WHAT TO DO: Skip the images. Copy the records exactly as written.
[DATA TO USE Boundary: Start]
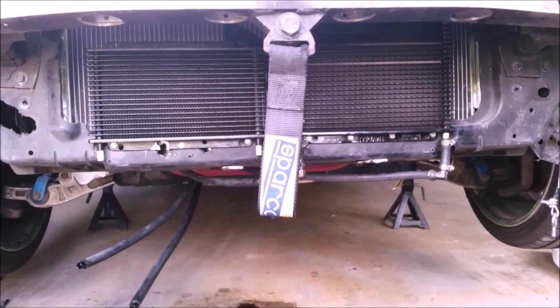Today I'm going to be showing you how to do a budget 350z oil cooler. This is my current setup. I have the oil cooler there on the left and the transmission cooler on the right, and I was able to do this oil cooler for $85. I would put it up against any of the nicer, more expensive kits that are costing $300, $400, or $500.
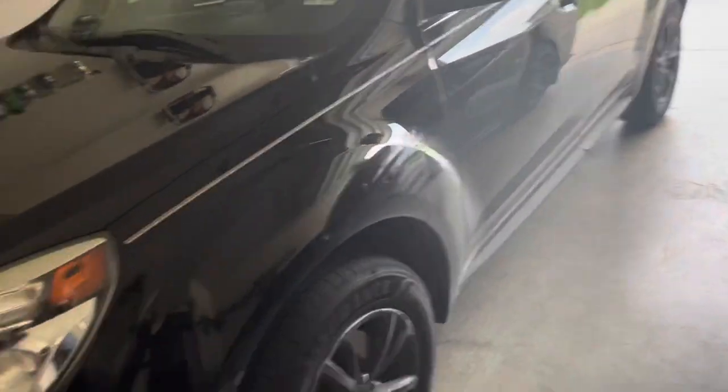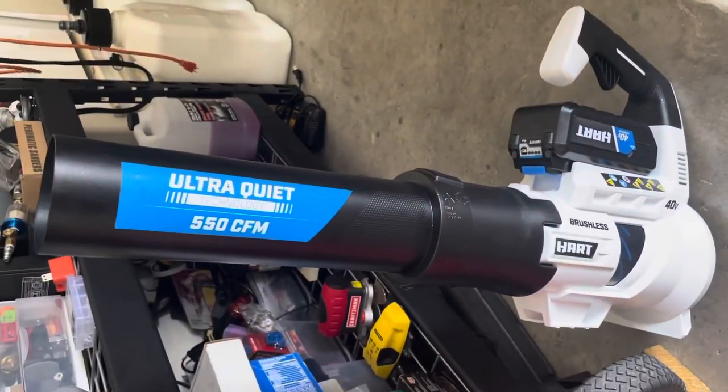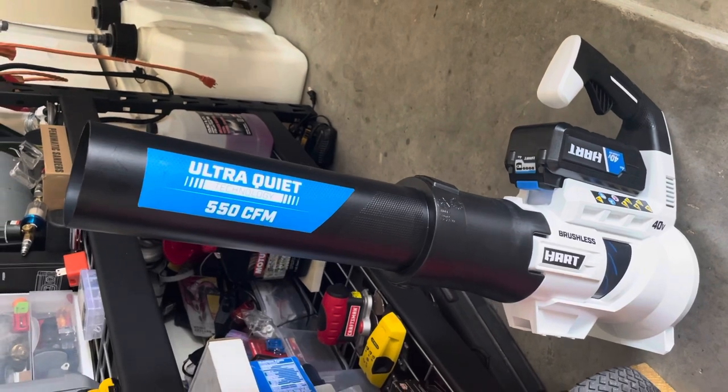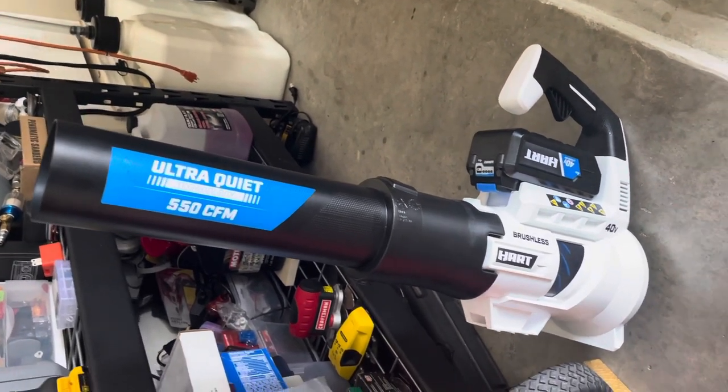I just wanted to show a quick video on the Walmart blower. This one's the 40 volt — they sell a 20 volt that's much cheaper, but this one is the 40 volt, the highest one they got. And that's pretty much it. Thank you guys for watching.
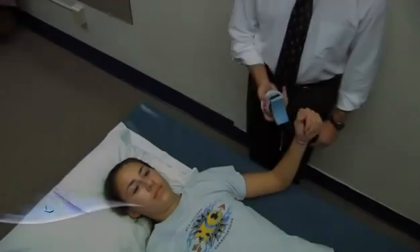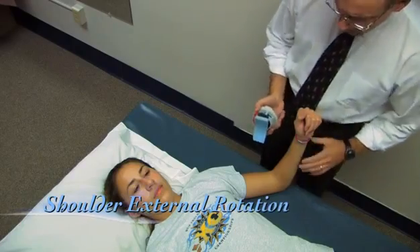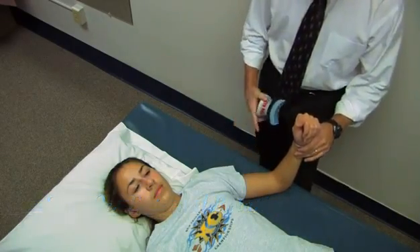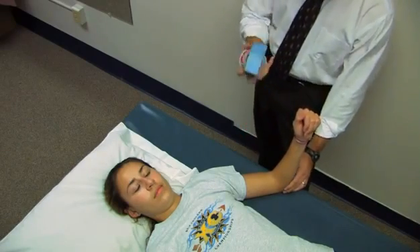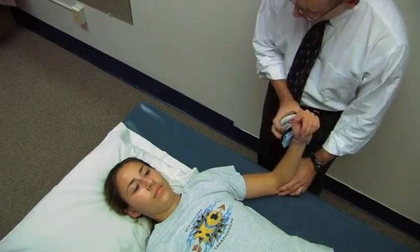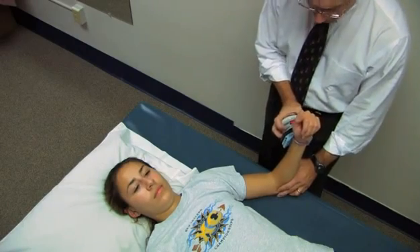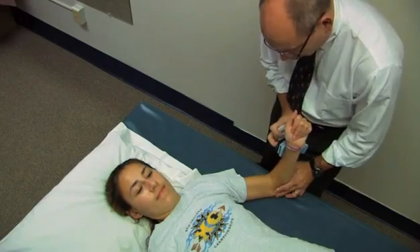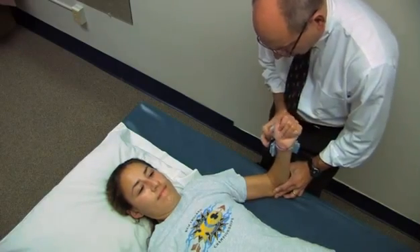Now we're going to measure shoulder external rotation. Her shoulder is at 45 degrees of abduction, her elbow is at 90 degrees. I'm going to stabilize here and place the dynamometer just proximal to the styloids. When I say go, take a second or two to your maximum effort. Go ahead — harder, harder. And relax.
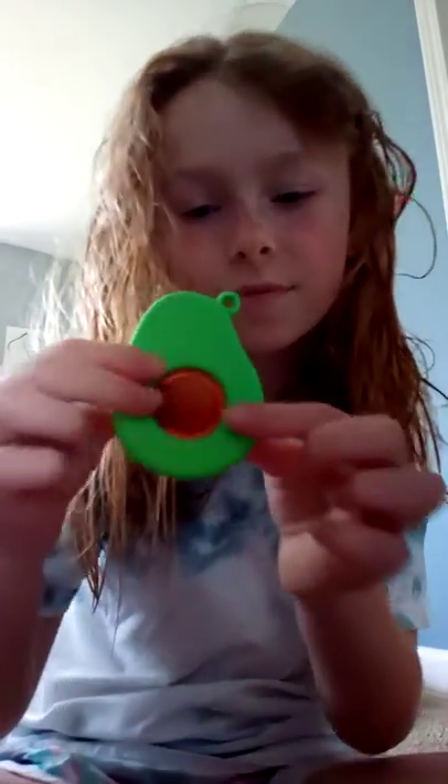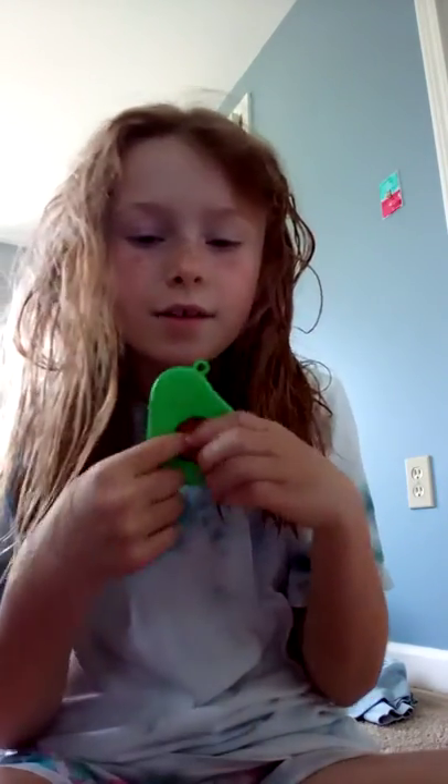I got this at the store. It's cute, it has like a little face right there. It's really cute — like an avocado.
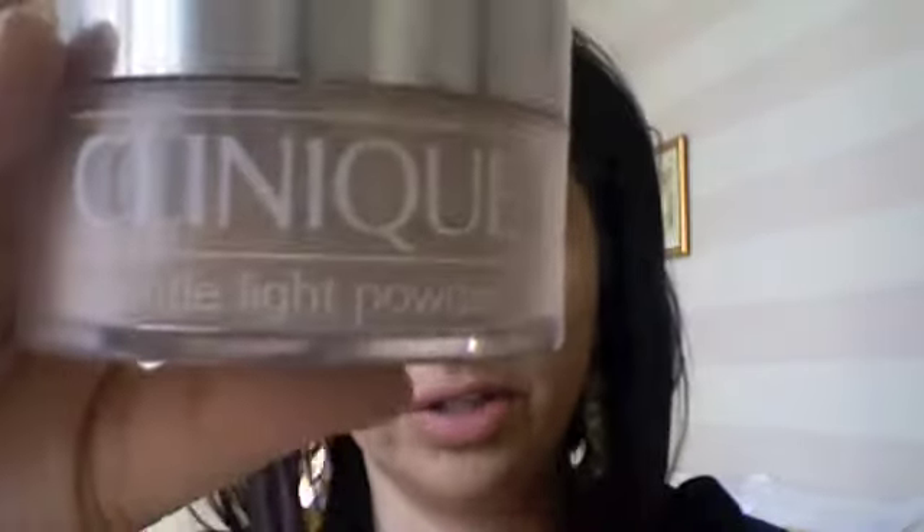I already went ahead and applied foundation — this is the foundation I use, New Complexion. To achieve that satin matte finish I used the Gentle Light powder from Clinique. Then I'm putting on Soft Ochre paint pot from Mac all over the lid.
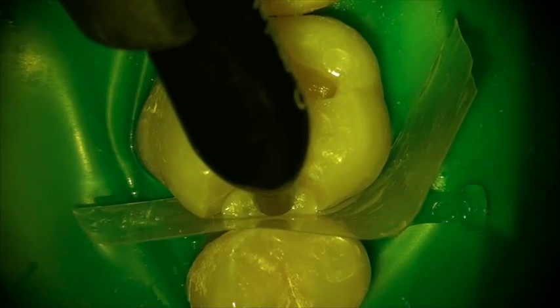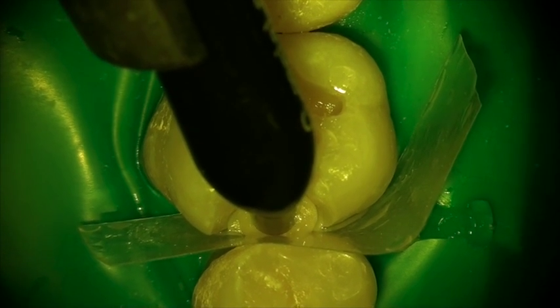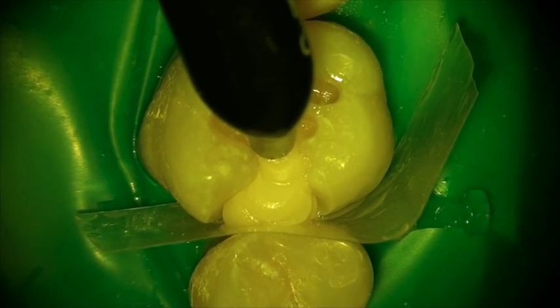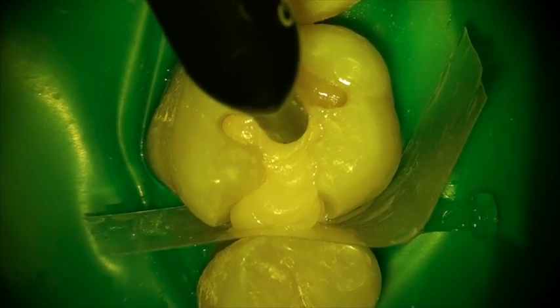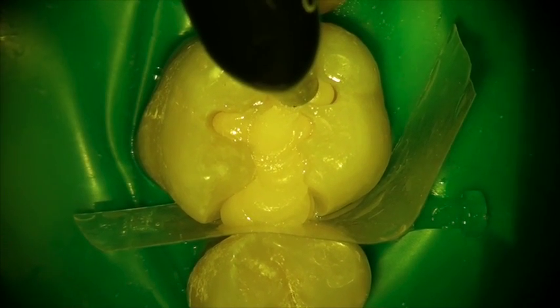We're next going to apply Genial Sculpt. You are going to love the characteristics of this material. It is highly aesthetic, it is incredibly sculptable, and what's great is it is self-polishing. Over time, this material actually looks better.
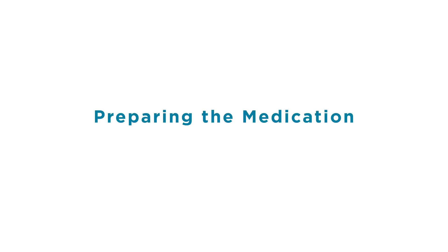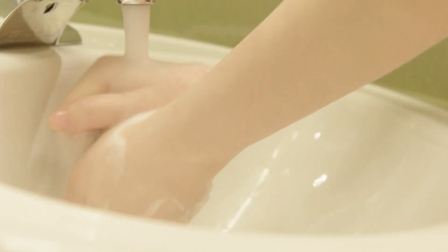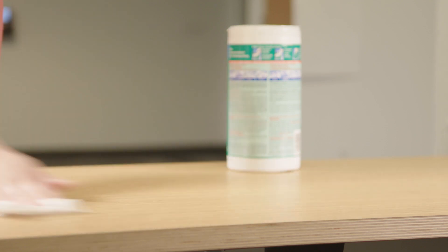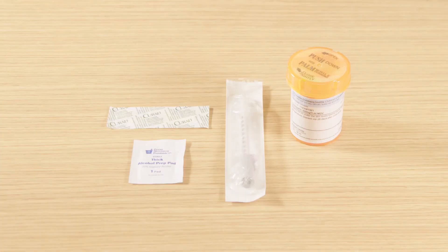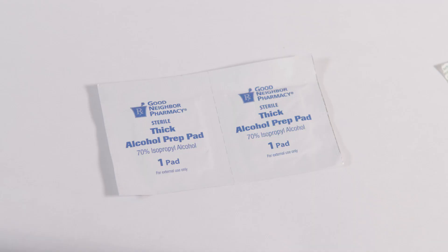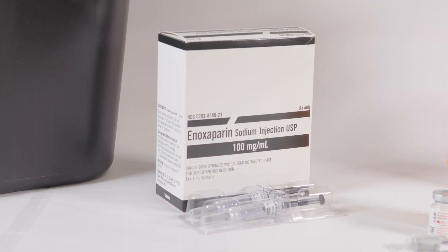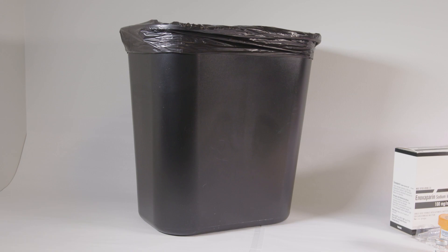Let's get started. Wash hands with soap and warm water for 20 seconds, or use hand sanitizer. Use a clean work area to lay out your supplies, or lay down a clean towel to make a clean area. Before you begin, you will need a band-aid, gauze or tissue, alcohol wipes, the vial of medicine with an empty sterile syringe, or a pre-filled syringe of medication. Also have your sharps container and trash container nearby.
[DATA TO USE Boundary: End]
RESPONSE:
Today I'm going to be showing you how to do a budget 350z oil cooler. This is my current setup. I have the oil cooler there on the left and the transmission cooler on the right, and I was able to do this oil cooler for $85. I would put it up against any of the nicer, more expensive kits that are costing $300, $400, or $500.
I just wanted to show a quick video on the Walmart blower. This one's the 40 volt — they sell a 20 volt that's much cheaper, but this one is the 40 volt, the highest one they got. And that's pretty much it. Thank you guys for watching.
Now we're going to measure shoulder external rotation. Her shoulder is at 45 degrees of abduction, her elbow is at 90 degrees. I'm going to stabilize here and place the dynamometer just proximal to the styloids. When I say go, take a second or two to your maximum effort. Go ahead — harder, harder. And relax.
I got this at the store. It's cute, it has like a little face right there. It's really cute — like an avocado.
I already went ahead and applied foundation — this is the foundation I use, New Complexion. To achieve that satin matte finish I used the Gentle Light powder from Clinique. Then I'm putting on Soft Ochre paint pot from Mac all over the lid.
We're next going to apply Genial Sculpt. You are going to love the characteristics of this material. It is highly aesthetic, it is incredibly sculptable, and what's great is it is self-polishing. Over time, this material actually looks better.
Let's get started. Wash hands with soap and warm water for 20 seconds, or use hand sanitizer. Use a clean work area to lay out your supplies, or lay down a clean towel to make a clean area. Before you begin, you will need a band-aid, gauze or tissue, alcohol wipes, the vial of medicine with an empty sterile syringe, or a pre-filled syringe of medication. Also have your sharps container and trash container nearby.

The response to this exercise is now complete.